6th Movement:"Sons of Champlin"

Updated: 1 day ago

“When I let go of what I am, I become what I might be.”

-- Lao Tzu

Pat called me the next day and told me about this band that he'd heard the night before - along with his sister, Pam, and her husband, Dave - over in SF at Bill Graham's Winterland.

They were.called: "The Sons of Champlin."

The band leader was named Bill Champlin and Pat said that he was one bad-ass lead singer who played a mean guitar. But then, he also doubled on a Hammond B-3 organ and kicked ass on that as well. Terry Haggerty was the main lead guitarist who leaned heavily on a combo-plate of jazz, rock n' blues. And his playing completely smoked. Drummer Bill Bowen and bassist Al Strong were totally locked in on the grooves and laid down a rock solid foundation in the rhythm section.

OK, so for me that was all very cool to know. Indeed, it was. However, Pat and I had already listened to some other bad-ass Bay Area bands in a live setting before he had gone to hear this one. Not to mention most of the bands we saw perform at local SF venues who hailed from Merry Olde England.

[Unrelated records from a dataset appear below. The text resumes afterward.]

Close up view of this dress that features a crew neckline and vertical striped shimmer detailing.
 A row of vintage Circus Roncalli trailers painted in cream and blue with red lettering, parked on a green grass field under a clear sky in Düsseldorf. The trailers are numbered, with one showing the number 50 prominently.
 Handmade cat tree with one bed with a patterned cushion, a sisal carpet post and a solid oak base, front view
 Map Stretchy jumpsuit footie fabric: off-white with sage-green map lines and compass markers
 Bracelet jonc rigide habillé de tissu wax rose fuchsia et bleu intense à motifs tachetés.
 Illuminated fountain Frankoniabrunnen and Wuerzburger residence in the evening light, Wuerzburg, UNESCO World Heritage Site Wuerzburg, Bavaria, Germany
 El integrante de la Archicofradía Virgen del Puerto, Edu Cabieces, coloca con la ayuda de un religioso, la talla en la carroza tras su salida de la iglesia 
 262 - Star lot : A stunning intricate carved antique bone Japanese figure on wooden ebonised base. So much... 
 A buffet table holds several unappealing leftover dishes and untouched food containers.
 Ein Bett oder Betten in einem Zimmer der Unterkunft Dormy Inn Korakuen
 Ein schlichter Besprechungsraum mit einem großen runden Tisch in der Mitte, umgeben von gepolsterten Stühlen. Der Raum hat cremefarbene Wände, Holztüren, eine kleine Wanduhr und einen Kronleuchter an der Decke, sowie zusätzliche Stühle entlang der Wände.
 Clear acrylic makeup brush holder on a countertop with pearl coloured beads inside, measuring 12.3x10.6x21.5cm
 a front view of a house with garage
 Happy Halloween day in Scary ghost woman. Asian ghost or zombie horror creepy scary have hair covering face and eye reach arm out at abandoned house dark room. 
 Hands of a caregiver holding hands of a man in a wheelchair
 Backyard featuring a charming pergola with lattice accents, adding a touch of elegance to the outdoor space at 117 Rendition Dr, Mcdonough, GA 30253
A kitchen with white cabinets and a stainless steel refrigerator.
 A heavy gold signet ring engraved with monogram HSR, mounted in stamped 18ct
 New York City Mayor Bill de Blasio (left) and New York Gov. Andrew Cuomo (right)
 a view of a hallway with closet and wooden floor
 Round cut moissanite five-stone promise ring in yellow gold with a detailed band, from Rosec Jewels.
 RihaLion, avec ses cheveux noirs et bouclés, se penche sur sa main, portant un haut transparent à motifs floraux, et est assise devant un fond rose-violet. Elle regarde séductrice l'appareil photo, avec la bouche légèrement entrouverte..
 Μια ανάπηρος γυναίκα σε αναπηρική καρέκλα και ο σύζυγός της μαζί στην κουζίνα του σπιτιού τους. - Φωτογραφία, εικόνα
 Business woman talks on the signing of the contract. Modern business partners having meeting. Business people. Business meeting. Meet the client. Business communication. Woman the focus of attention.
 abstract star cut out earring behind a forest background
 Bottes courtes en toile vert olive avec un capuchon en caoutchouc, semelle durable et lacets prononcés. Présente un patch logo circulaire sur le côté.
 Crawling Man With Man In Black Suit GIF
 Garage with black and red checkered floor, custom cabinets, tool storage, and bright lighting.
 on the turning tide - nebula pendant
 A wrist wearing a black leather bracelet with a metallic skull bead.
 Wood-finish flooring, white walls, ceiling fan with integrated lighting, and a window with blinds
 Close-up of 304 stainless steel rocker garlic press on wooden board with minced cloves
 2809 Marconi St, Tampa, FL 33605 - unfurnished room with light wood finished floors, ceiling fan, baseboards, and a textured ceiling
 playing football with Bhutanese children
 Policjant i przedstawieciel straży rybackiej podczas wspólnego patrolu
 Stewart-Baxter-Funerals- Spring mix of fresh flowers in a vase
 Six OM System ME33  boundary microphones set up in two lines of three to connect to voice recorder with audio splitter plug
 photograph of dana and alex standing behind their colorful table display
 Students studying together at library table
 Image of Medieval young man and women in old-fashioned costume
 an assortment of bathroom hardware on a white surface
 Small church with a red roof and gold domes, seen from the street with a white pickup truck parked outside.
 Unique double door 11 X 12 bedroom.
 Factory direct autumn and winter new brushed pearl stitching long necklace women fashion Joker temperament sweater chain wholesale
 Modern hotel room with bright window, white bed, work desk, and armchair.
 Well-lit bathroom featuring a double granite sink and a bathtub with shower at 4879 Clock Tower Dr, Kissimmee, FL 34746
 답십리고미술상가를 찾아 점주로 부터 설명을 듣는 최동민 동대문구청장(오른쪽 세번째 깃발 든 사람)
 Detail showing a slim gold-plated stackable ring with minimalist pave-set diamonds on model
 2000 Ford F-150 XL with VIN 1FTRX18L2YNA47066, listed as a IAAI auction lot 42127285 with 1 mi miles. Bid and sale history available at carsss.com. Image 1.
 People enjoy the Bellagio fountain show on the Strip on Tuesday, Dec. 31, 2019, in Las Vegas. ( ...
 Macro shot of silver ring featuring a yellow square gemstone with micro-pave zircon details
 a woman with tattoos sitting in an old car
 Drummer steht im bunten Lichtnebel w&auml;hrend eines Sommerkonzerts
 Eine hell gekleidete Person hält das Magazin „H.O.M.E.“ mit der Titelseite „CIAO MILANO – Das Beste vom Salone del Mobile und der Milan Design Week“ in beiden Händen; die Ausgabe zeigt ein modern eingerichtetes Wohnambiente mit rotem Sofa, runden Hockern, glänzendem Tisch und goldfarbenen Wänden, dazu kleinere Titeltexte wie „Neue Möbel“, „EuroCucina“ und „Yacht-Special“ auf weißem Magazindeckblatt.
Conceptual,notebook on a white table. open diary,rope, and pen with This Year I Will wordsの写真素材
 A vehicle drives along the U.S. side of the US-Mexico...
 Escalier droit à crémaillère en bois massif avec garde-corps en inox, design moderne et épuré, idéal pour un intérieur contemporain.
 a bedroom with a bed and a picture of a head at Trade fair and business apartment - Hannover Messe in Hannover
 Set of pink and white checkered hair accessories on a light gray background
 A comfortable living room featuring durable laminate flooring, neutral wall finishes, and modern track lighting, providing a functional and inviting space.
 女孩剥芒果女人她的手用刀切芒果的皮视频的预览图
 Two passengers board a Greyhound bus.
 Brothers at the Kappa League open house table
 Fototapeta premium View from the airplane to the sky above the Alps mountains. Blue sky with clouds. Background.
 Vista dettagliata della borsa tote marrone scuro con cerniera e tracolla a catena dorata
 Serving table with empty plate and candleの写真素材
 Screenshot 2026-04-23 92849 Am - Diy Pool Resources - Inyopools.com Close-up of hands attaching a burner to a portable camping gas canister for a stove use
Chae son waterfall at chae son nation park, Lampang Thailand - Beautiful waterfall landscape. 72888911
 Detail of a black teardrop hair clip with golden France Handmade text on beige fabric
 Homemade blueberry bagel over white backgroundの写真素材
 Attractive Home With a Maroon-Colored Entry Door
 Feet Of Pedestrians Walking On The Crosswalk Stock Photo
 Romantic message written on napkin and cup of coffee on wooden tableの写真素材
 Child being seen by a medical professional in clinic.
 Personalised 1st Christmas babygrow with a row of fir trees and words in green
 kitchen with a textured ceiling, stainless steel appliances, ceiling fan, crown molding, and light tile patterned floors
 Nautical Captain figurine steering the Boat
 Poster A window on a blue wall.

But, as Pat told me, the one main difference with these guys was:

"The Sons have horns."

I could tell that Pat was really, really, jazzed about this band. And since up to this point in our musical relationship we had already both been on the same page musically mostly all the time, we decided to find out where they were playing next. And we'd go together to check 'em out.

 “The best way to predict the future is to create it.”

 —Peter F. Drucker

Can't remember where we went to see the show, but I do know this: I was totally gill-hooked after only the first song. Whew! If I were to try to describe the band as far as what they sounded like? To me? It was like a giant deluxe combo-plate of RnB, Rock, Jazz and Blues. Along with a healthy dose of Soul added into the mix via Bill Champlin's amazing vocal chops.

Some of the tunes were in that 4 - 6 minute range. But, they had 2 songs in particular that they played that night which were waaaaay longer than that. "Freedom" and "Get High." These 2 tunes just went all over the place. Rhythmic changes, tempo changes, time signature changes, soft, loud, rockin', jazzin', and every other compilation of musical genre that I could ever have imagined..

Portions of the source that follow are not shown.